■ Directions for this task ■
Reproduce the listing that follows character for character, excluding its pictures.

· · · ·

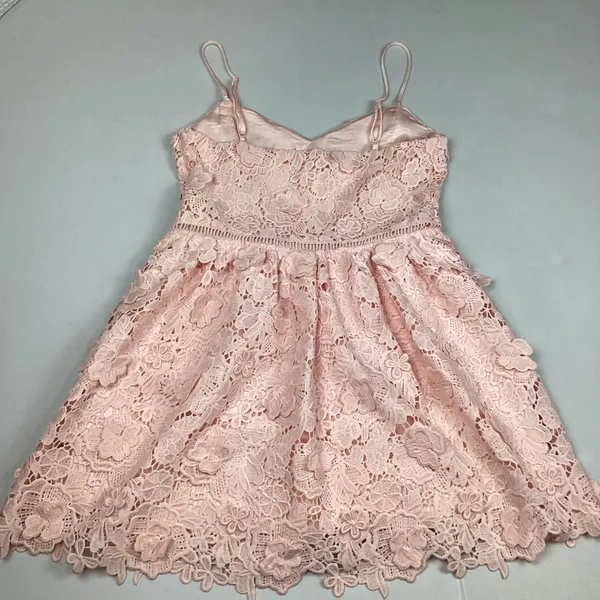 Altar’d State Silvyn Lace Mini Dress in Light Pink Sz Large NWOT - Image 2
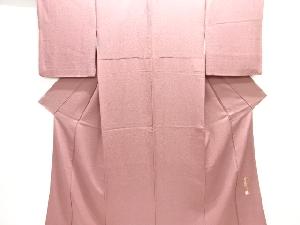 草木染　鮫小紋着物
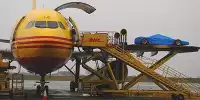 DHL, Flugzeug, Fracht, Verladung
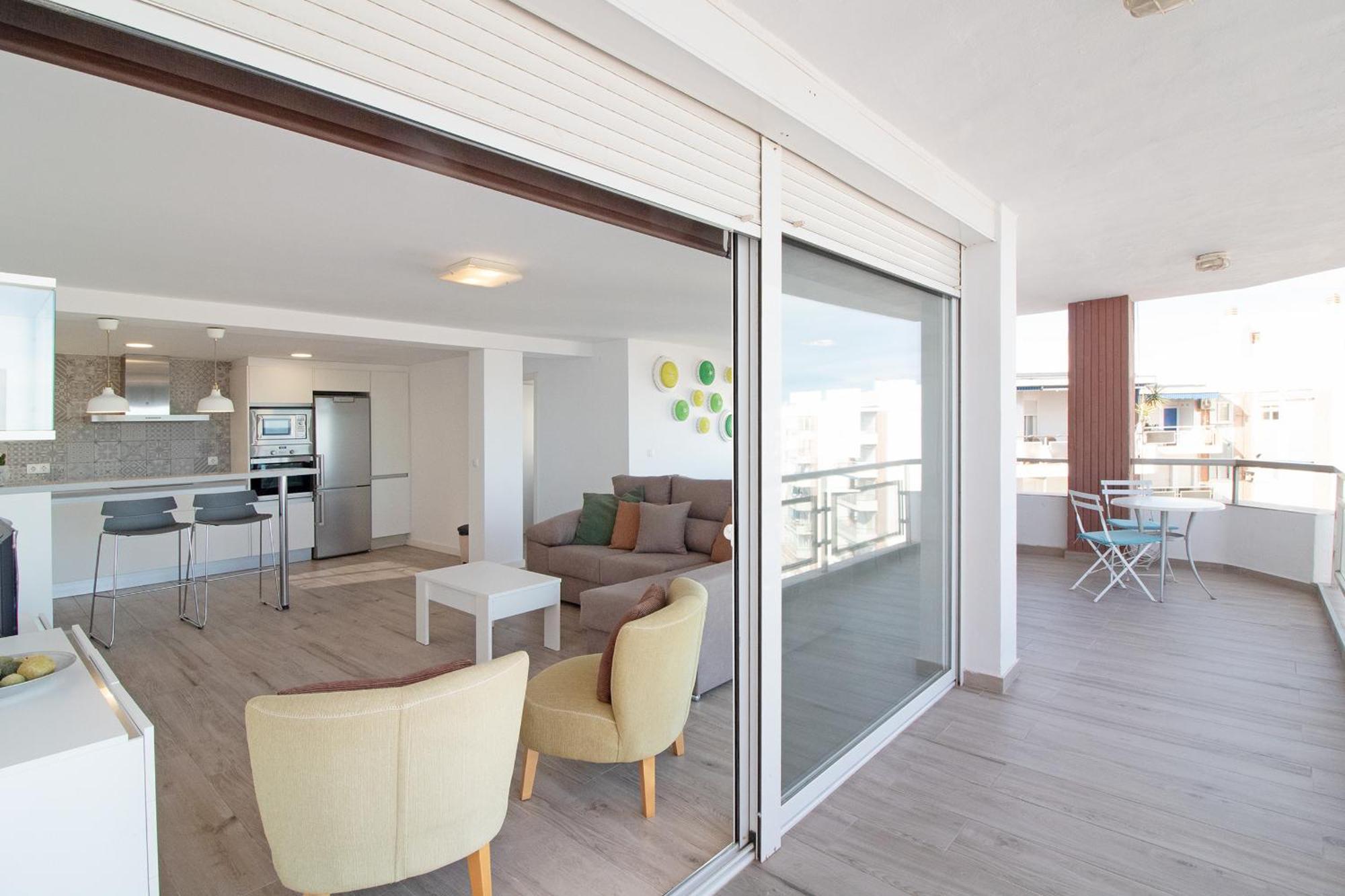 Global Properties, Apartamento Con Terraza E Increibles Vistas Al Mar Sagunto Eksteriør bilde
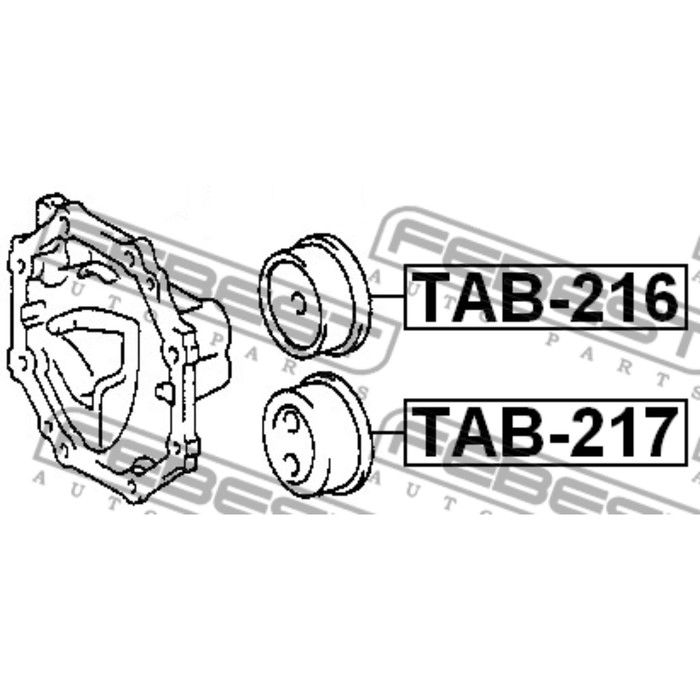 Подушка КПП FEBEST tab-216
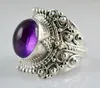 Bröllopsringar Kvinnor Fashion Ring Present Evening Party Size 6-10 Lyxig lila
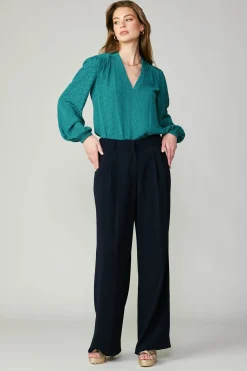 Current Air Pintucked Trousers NAVY Hot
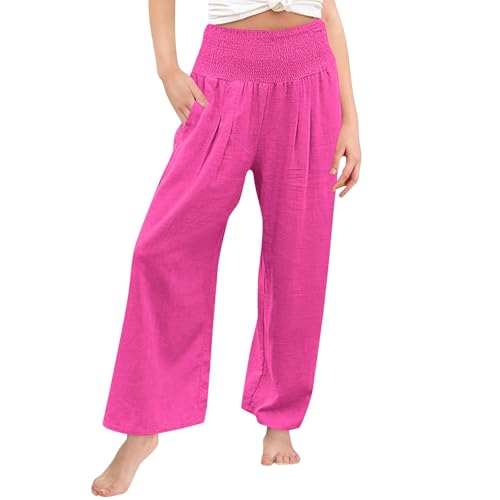 Mädchen Leinen Palazzo Hose Boho Weites Bein Hohe Taille Freizeithose Strand Reise Urlaub Outfits Leggings Ballett Leichte Sommerhose Dünne Hose Baggy Jogginghose Outdoorhose (Hot Pink, 10-11 Years) Mädchen Leinen Palazzo Hose Boho Weites Bein Hohe Taille Freizeithose Strand Reise Urlaub Outfits Leggings Ballett Leichte Sommerhose Dünne Hose Baggy Jogginghose Outdoorhose (Hot Pink, 10-11 Years) von Generic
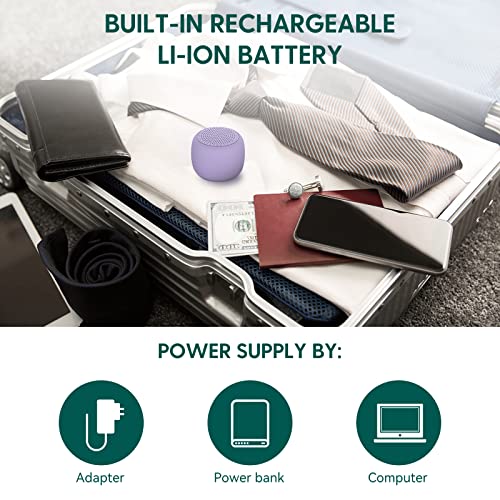 BABELIO White Noise Machine Babelio Mini Sound Machine for Adults Kids Baby | 15 Non-looping Sounds | Timer | Easy to Pocket and Travel - Purple - Image 5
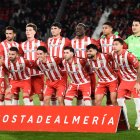 El once del Almería.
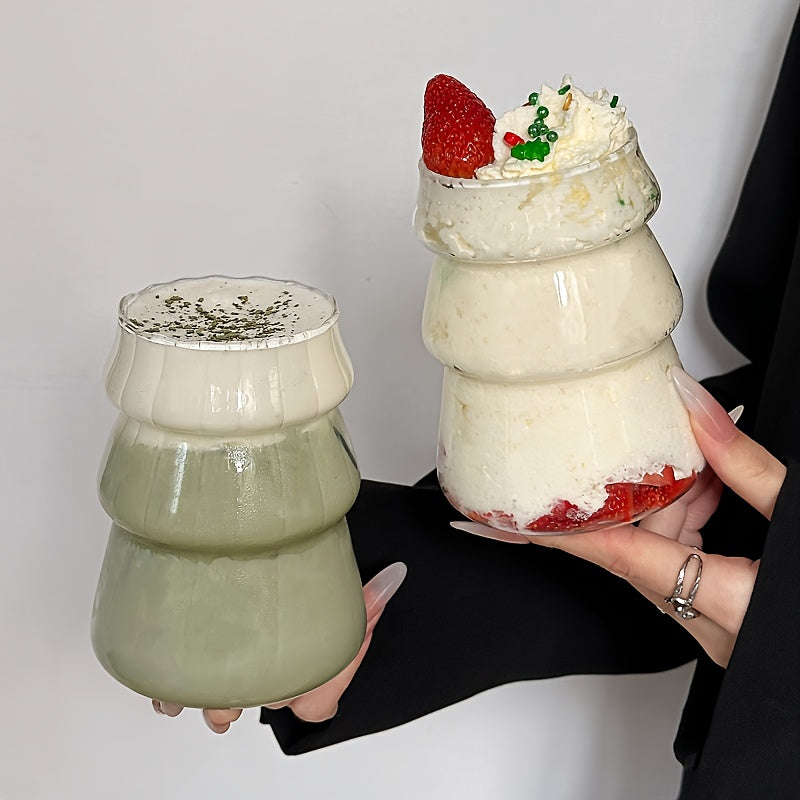 500ml/16.9oz transparent glass coffee cup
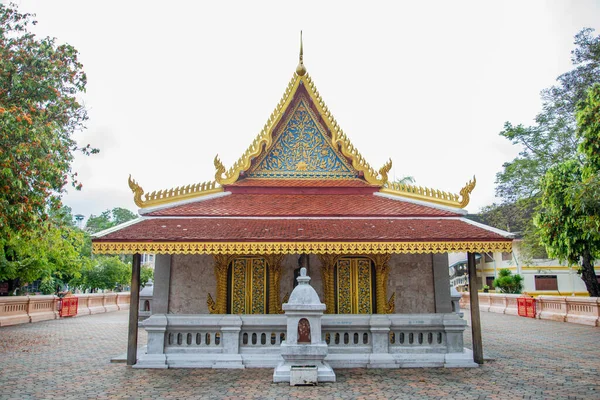 Wat Pranburi Nella Città Pranburi Nella Provincia Prachuap Khiri Khan — Foto Stock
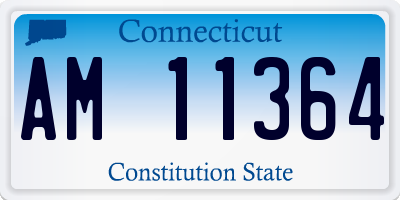 CT license plate AM11364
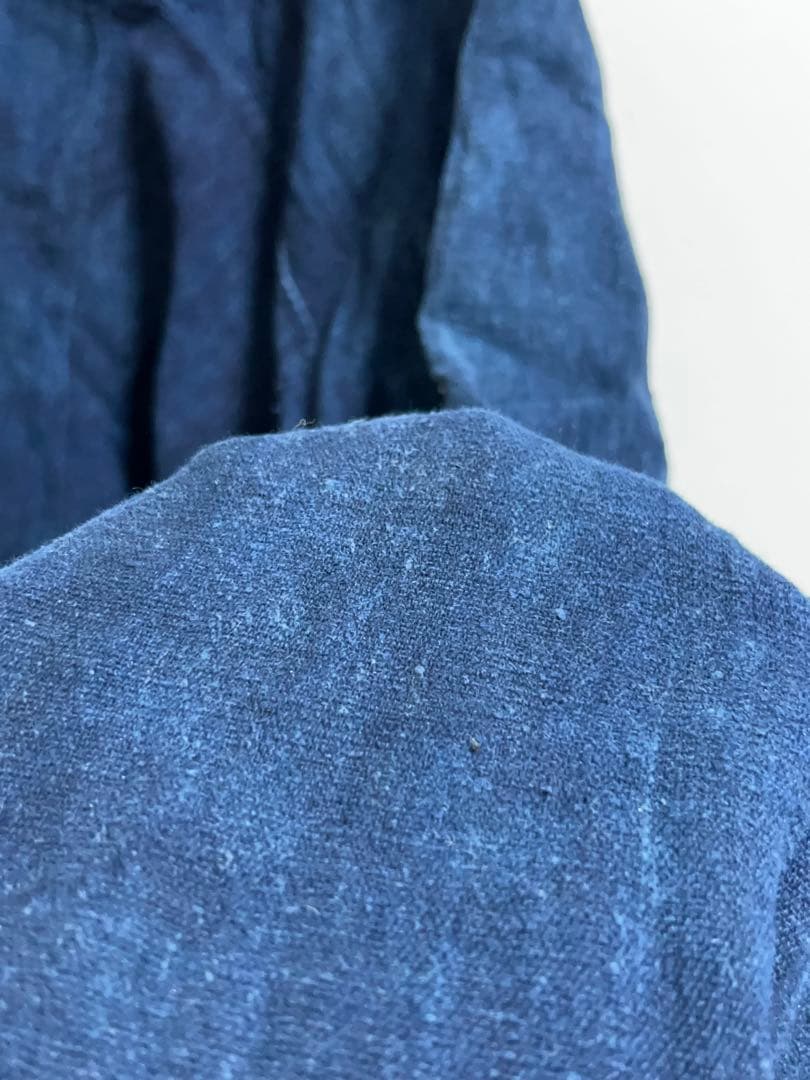 襤褸 藍染 麻？ 木綿？ 野良着 もんぺ 昭和 大正 明治 ぼろ らんる 貴重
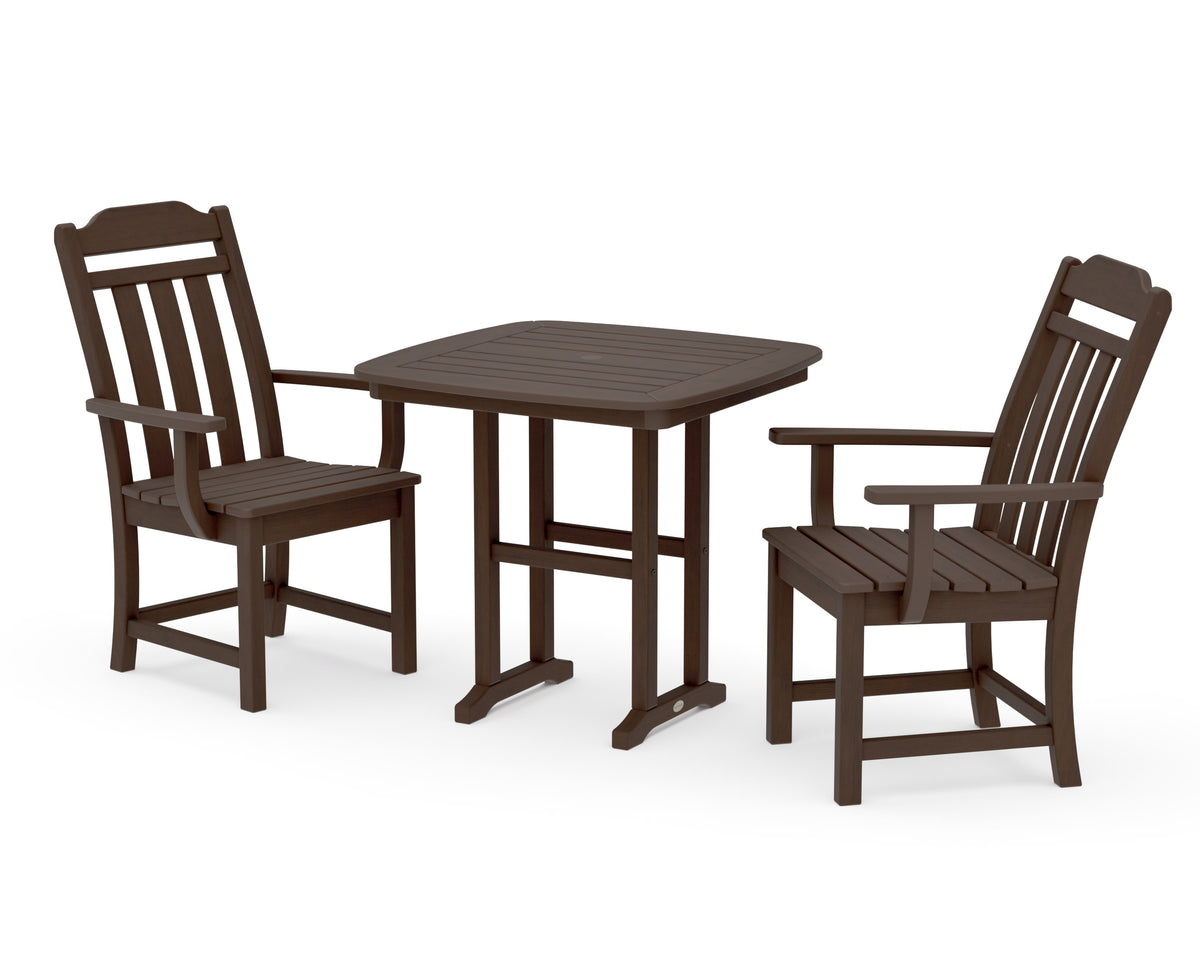 POLYWOOD Cottage 3-Piece Dining Set in Kona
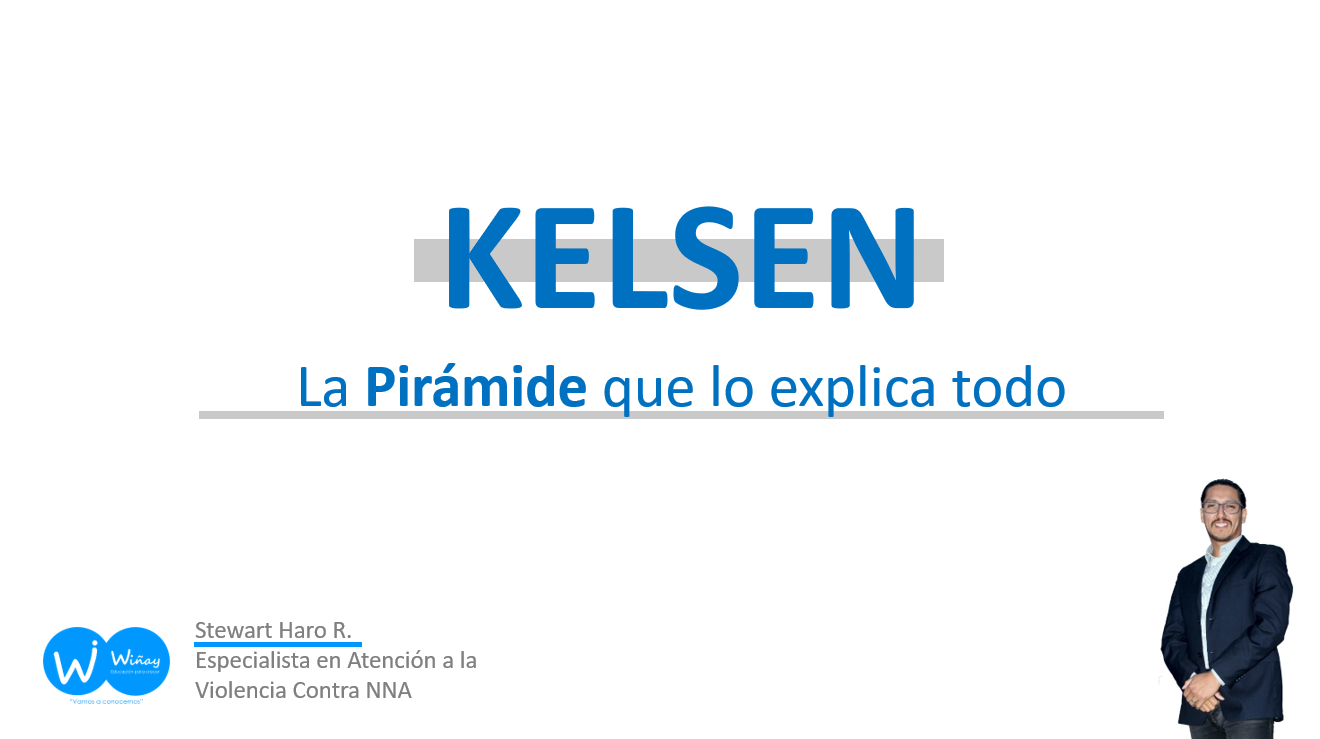 Imagen que representa el título de este curso. 
KELSEN - "La PIRÁMIDE que lo explica todo"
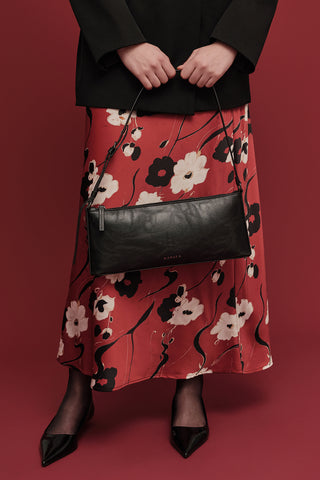 İnce Askılı Baget Çanta Siyah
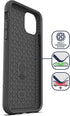 ENCASED Rebel Armor for iPhone 11 Case - Ultra Protective Heavy Duty Rugged Cover (Black)...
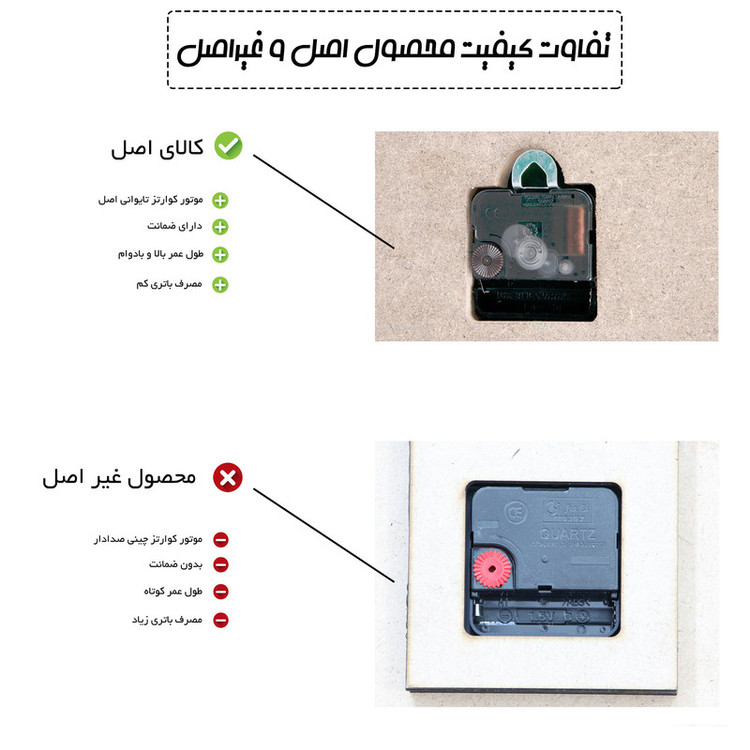 ساعت دیواری پدیده شاپ Grand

· · · ·

■ Task solution ■
 Altar’d State Silvyn Lace Mini Dress in Light Pink Sz Large NWOT - Image 2
 草木染　鮫小紋着物
 DHL, Flugzeug, Fracht, Verladung
 Global Properties, Apartamento Con Terraza E Increibles Vistas Al Mar Sagunto Eksteriør bilde
 Подушка КПП FEBEST tab-216
 Bröllopsringar Kvinnor Fashion Ring Present Evening Party Size 6-10 Lyxig lila
 Current Air Pintucked Trousers NAVY Hot
 Mädchen Leinen Palazzo Hose Boho Weites Bein Hohe Taille Freizeithose Strand Reise Urlaub Outfits Leggings Ballett Leichte Sommerhose Dünne Hose Baggy Jogginghose Outdoorhose (Hot Pink, 10-11 Years) Mädchen Leinen Palazzo Hose Boho Weites Bein Hohe Taille Freizeithose Strand Reise Urlaub Outfits Leggings Ballett Leichte Sommerhose Dünne Hose Baggy Jogginghose Outdoorhose (Hot Pink, 10-11 Years) von Generic
 BABELIO White Noise Machine Babelio Mini Sound Machine for Adults Kids Baby | 15 Non-looping Sounds | Timer | Easy to Pocket and Travel - Purple - Image 5
 El once del Almería.
 500ml/16.9oz transparent glass coffee cup
 Wat Pranburi Nella Città Pranburi Nella Provincia Prachuap Khiri Khan — Foto Stock
 CT license plate AM11364
 襤褸 藍染 麻？ 木綿？ 野良着 もんぺ 昭和 大正 明治 ぼろ らんる 貴重
 POLYWOOD Cottage 3-Piece Dining Set in Kona
 Imagen que representa el título de este curso. 
KELSEN - "La PIRÁMIDE que lo explica todo"
 İnce Askılı Baget Çanta Siyah
 ENCASED Rebel Armor for iPhone 11 Case - Ultra Protective Heavy Duty Rugged Cover (Black)...
 ساعت دیواری پدیده شاپ Grand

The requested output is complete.